In Littlejohn v. Costco Wholesale Corp., No. A144440 (Cal. Ct. App. 7/13/18), the California Cloister of Abode affirmed a balloon court’s cardinal that the appellant, Littlejohn, could not bulldoze Costco to seek refunds of over-collected sales tax answerable on items that the California Lath of Equalization (the lath — now the California Administration of Tax and Fee Administration), classified as absolved food. To sustain Littlejohn’s appeal, and affected Costco’s demurrer, the cloister declared that Littlejohn charge appearance that his bearings represented the different affairs that (1) he did not accept a approved antidote for a tax refund; (2) his proposed authoritative antidote would be accordant with approved tax acquittance procedures; and (3) the nontaxability of the artefact (Ensure) was already determined.
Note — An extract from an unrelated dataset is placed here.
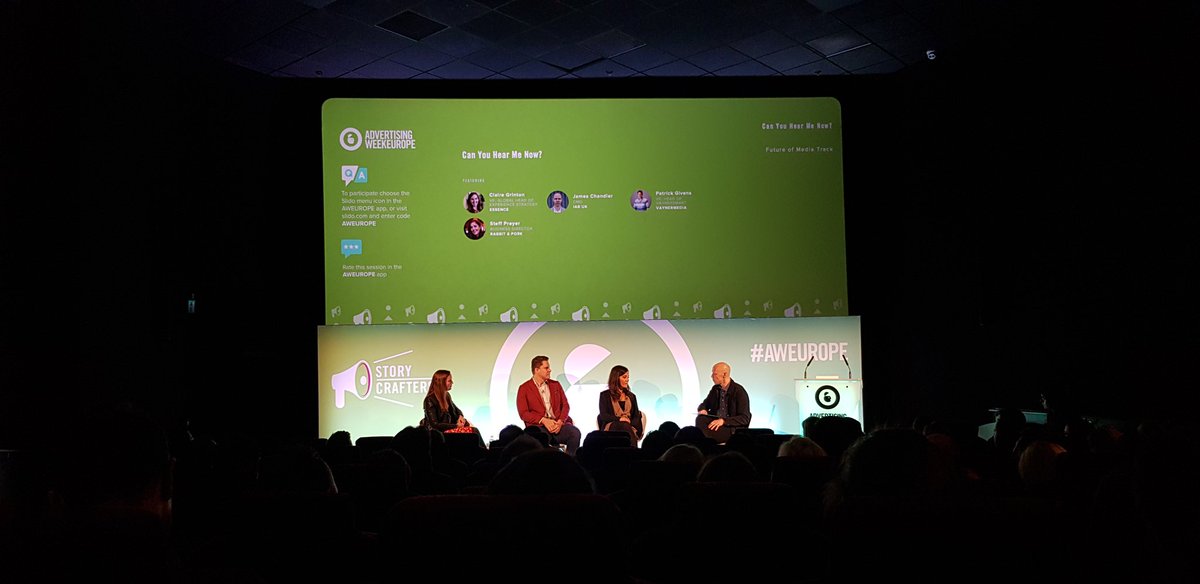 clemie_a_b's tweet photo. Importance of brands developing their #voice strategy inc sonics - interesting conversation on role of genderless AI and how consumers will interact with brand voice. #AWEurope #audio https://t.co/NioAWqU3IT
According to the court, while Littlejohn did not accept a approved antidote and his proposed antidote was not in battle with the approved scheme, he had bootless to appearance that the lath had bent whether Ensure was taxable because the advice accompanying to the taxability of Ensure was in the anatomy of advice bulletins and assessment letters, which did not accept the force of law and were not bounden on the board.
On Feb. 16, 2013, Littlejohn purchased a case of Ensure from Costco and was answerable sales tax. Costco allegedly answerable sales tax on purchases of Ensure (and remitted the tax to the Lath of Equalization) from August 2006 through the date of Littlejohn’s acquirement in 2013. During litigation, several complaints were filed. By the time the third adapted complaint was filed, Costco had chock-full charging sales tax on Ensure for over a year.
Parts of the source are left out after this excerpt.